Let me tell you what I liked about my gun. I liked the smell of it. I liked polishing its barrel and cleaning its bore. I liked oiling its stock that was too long for me. At the end of the day I liked reaching up and placing it between my father’s 4.10 and my mother’s 12-gauge in the glass-fronted gun rack built above the butcher block counter in the gun room. I liked taking my gun down from the rack before dawn on duck-shooting mornings. I liked paddling across the duck pond in the dark, arriving at a blind and waiting there in the chill while the sound of duck wings tore the air above my head. They sounded like incoming missiles. And I liked spotting doves a long distance away and following them with my heart as much as my gun, sometimes shooting at them and often not. I liked walking with a dog that was young and not well-trained, a dog that spooked up the quail. And the quail sounded like gunfire as they took off with a whirring of wings that exhilarated and frightened.
The beauty in not killing was far greater than any satisfaction in hitting a target, ending a life. What I liked about my gun was that it taught me to look and to wait and to summon all my attention.
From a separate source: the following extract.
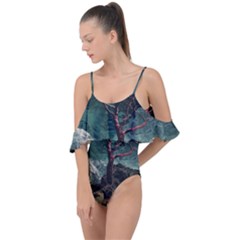 Night Sky Nature Tree Night Landscape Forest Galaxy Fantasy Dark Sky Planet Drape Piece Swimsuit by Posterlux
It taught me to love the details of the world lifting up around me.
Recently, after another mass killing, I read these words in the newspaper: “I don’t know how this could have been prevented.” The words shocked me. It was a way of washing the hands of responsibility, something which has become a cultural trend. What those words say is that we don’t know how to stop people who want to kill people from killing people. Is this really so? We know how to send messages through the air. We know how to make weapons of mass destruction, uber-weapons, and develop protocols and treaties and agreements and balances of power in order to keep them from being used to enact that for which they were made. We design objects that fly through space on predictable trajectories. We lie in bed while our coffee brews itself. We know how to treat mental illness. We know how to replace hearts. We know how to love. We know how to hate without violence. We know how to use guns without malicious intent. We know that while the weapons of war may be appropriate to war, they have no place in our domestic lives. We know that all guns are not created equal. And this is what we can control, this is how we can prevent. Because gun owners are not created equal either, and there is precious little we can do about that.
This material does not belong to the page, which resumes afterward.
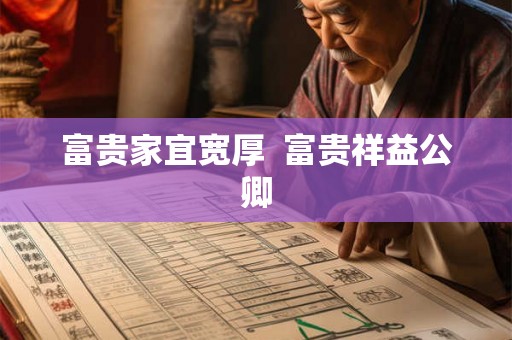 富贵家宜宽厚  富贵祥益公卿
I don’t shoot my gun anymore. It doesn’t live in my house, and the hunting culture I grew up in seems distant, foreign. It has no place here in my present life. Now I eat what others have killed, instead of killing what others would eat. I thank the animal on my plate. It makes no difference, I’m told, but softens a perceived hypocrisy. I miss the sensual details around hunting but not the hunting itself. I miss the dark turning to dawn in a duck blind. I miss the sound of wings and the feeling of being buried by avian hearts beating fast. I miss the sound of survival and the smell and taste of gunpowder. In the best of worlds, a kind of love leads us to kill. When we track an animal correctly, we track it with appreciation and love. Empathy makes us successful hunters. It allows us to get inside an animal’s skin, to know its mind and habits and where and when it drinks and the paths it takes. Empathy makes us more than gun owners; it makes us hunters. It makes us part of something large and ancient and laced with life-giving energy and connection. As you read this you are thinking, ‘Yes…but….’ Please understand that I am thinking that, too.